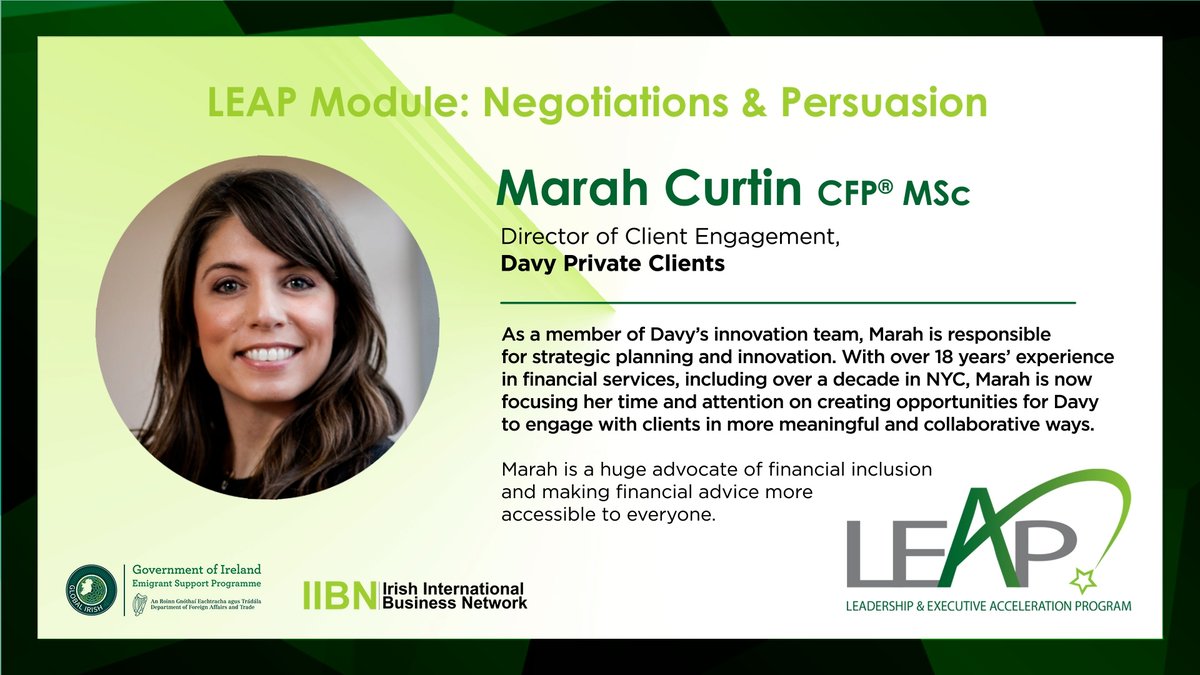 leap_now's tweet photo. We can't wait for our last #leapnow2021 Module: Negotiations & Persuasion with Marah Curtin @FinLitDub later today! @IIBN @GlobalIrish @amullennyc @jscanlon1 @Femolutionist
#leapnow https://t.co/T2QfbhflPf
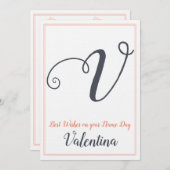 Name Day Saint-Day Letter V Monogramm Einladung (Vorne/Hinten)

**Work to be completed:**
Apart from the pictures, the material above has to be repeated exactly.

**Written reply:**
 leap_now's tweet photo. We can't wait for our last #leapnow2021 Module: Negotiations & Persuasion with Marah Curtin @FinLitDub later today! @IIBN @GlobalIrish @amullennyc @jscanlon1 @Femolutionist
#leapnow https://t.co/T2QfbhflPf
 Name Day Saint-Day Letter V Monogramm Einladung (Vorne/Hinten)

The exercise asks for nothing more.